[Provided data]
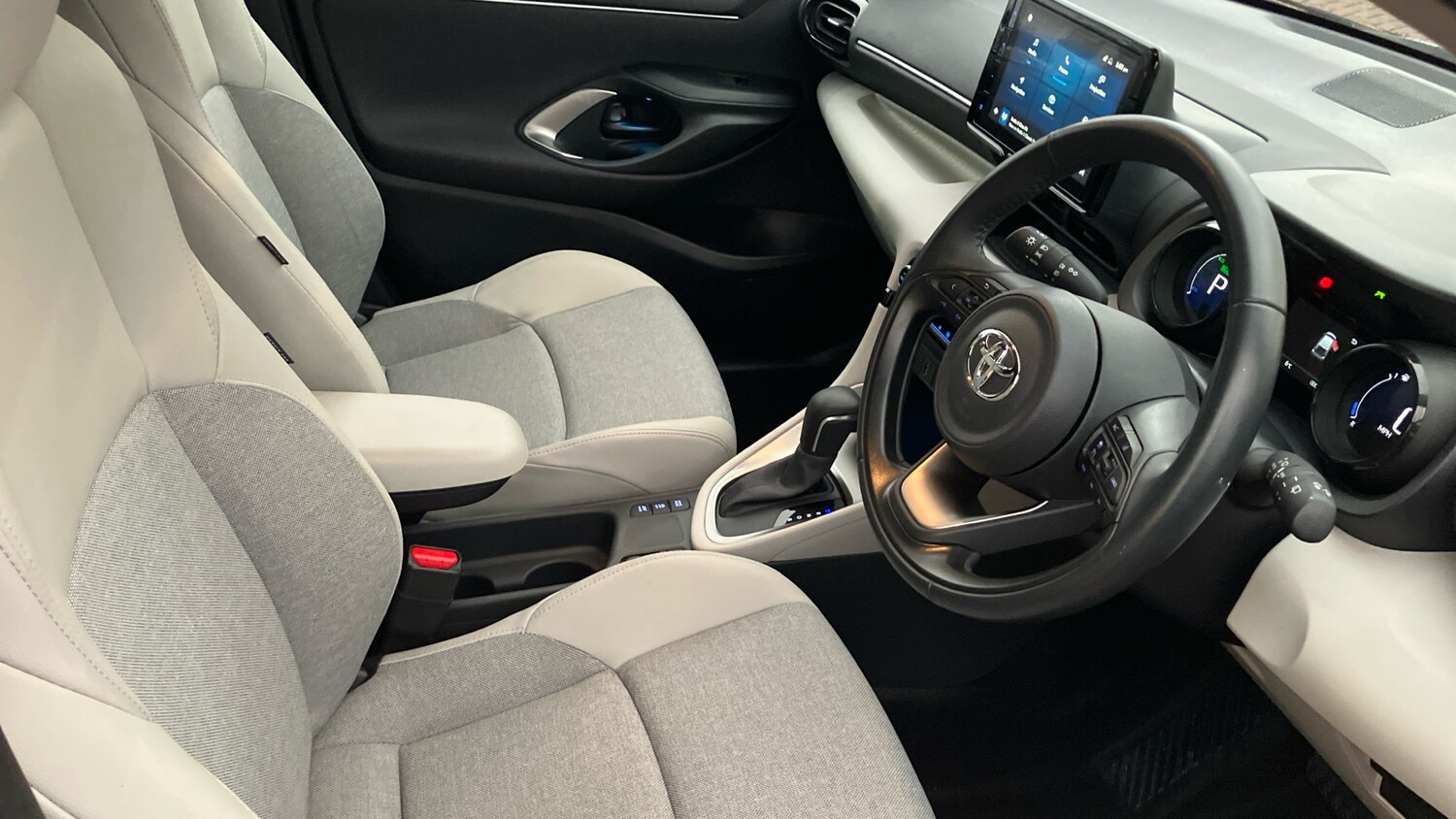 Used Toyota Yaris 2023 for sale - 77366048: Photo 11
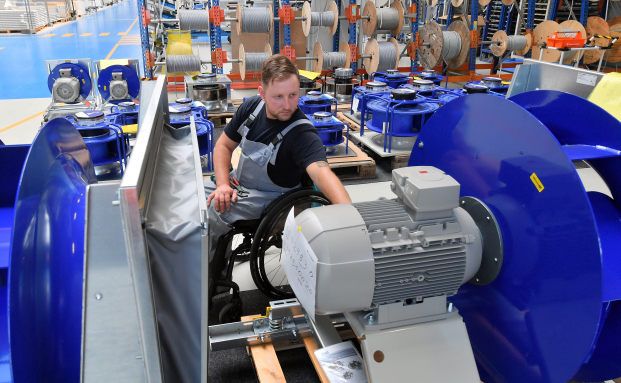 Arbeitgeber wollen Sozialabgaben deckeln, Gewerkschaft sträubt sich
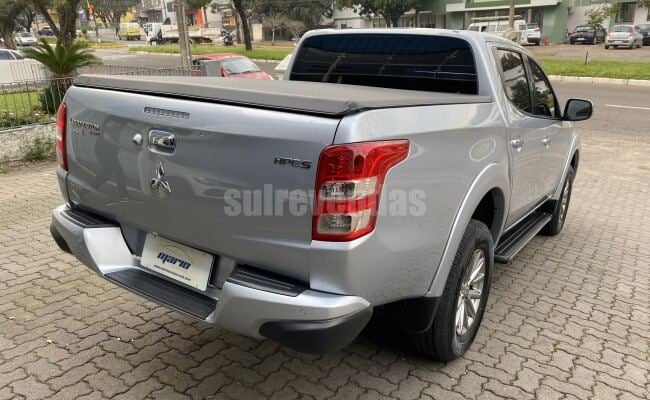 MITSUBISHI L-200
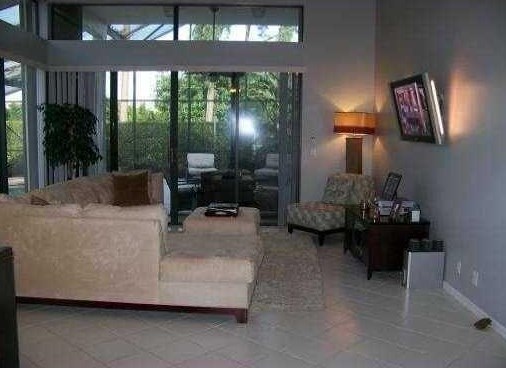 10152 Lexington Cir, Boynton Beach, FL 33436-4561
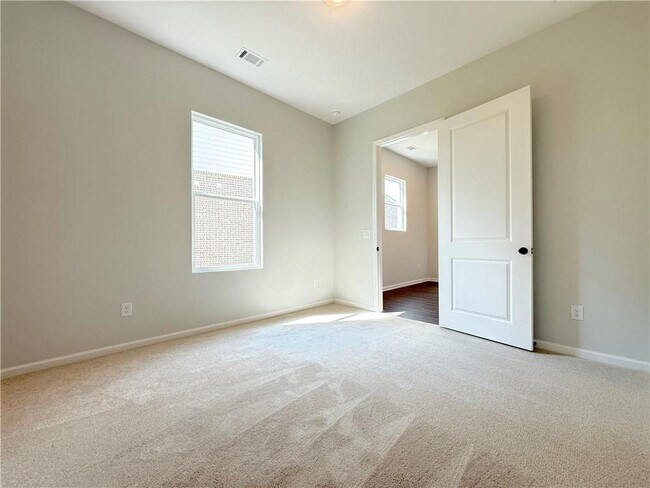 Building Photo - 1487 Ridge Rd
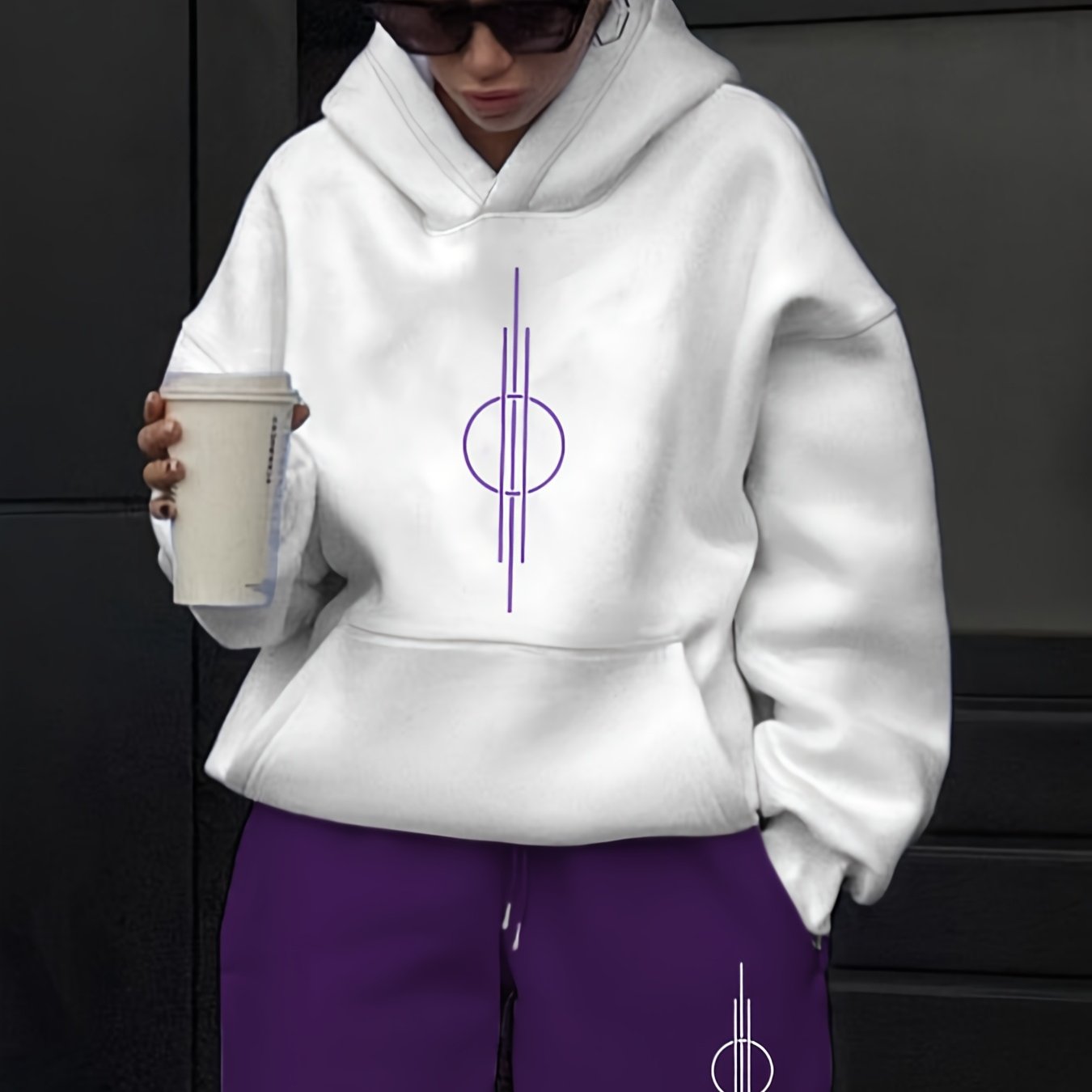 Ensemble survêtement femme blanc et violet motif géométrique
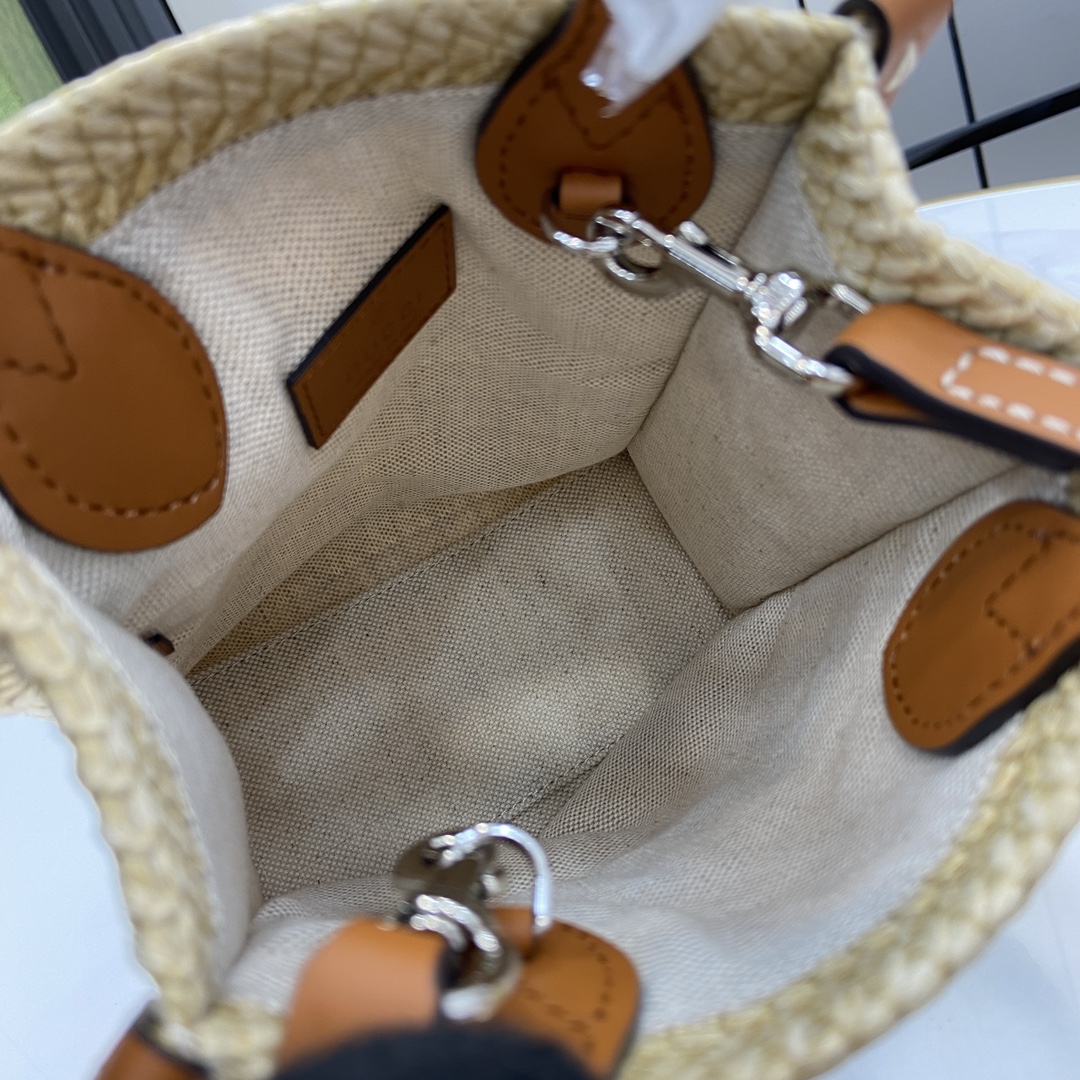 g*u*i S*per mini straw-effect bag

[Work required] Give back all of the data exactly, but not the pictures.

[Response area]
 Used Toyota Yaris 2023 for sale - 77366048: Photo 11
 Arbeitgeber wollen Sozialabgaben deckeln, Gewerkschaft sträubt sich
 MITSUBISHI L-200
 10152 Lexington Cir, Boynton Beach, FL 33436-4561
 Building Photo - 1487 Ridge Rd
 Ensemble survêtement femme blanc et violet motif géométrique
 g*u*i S*per mini straw-effect bag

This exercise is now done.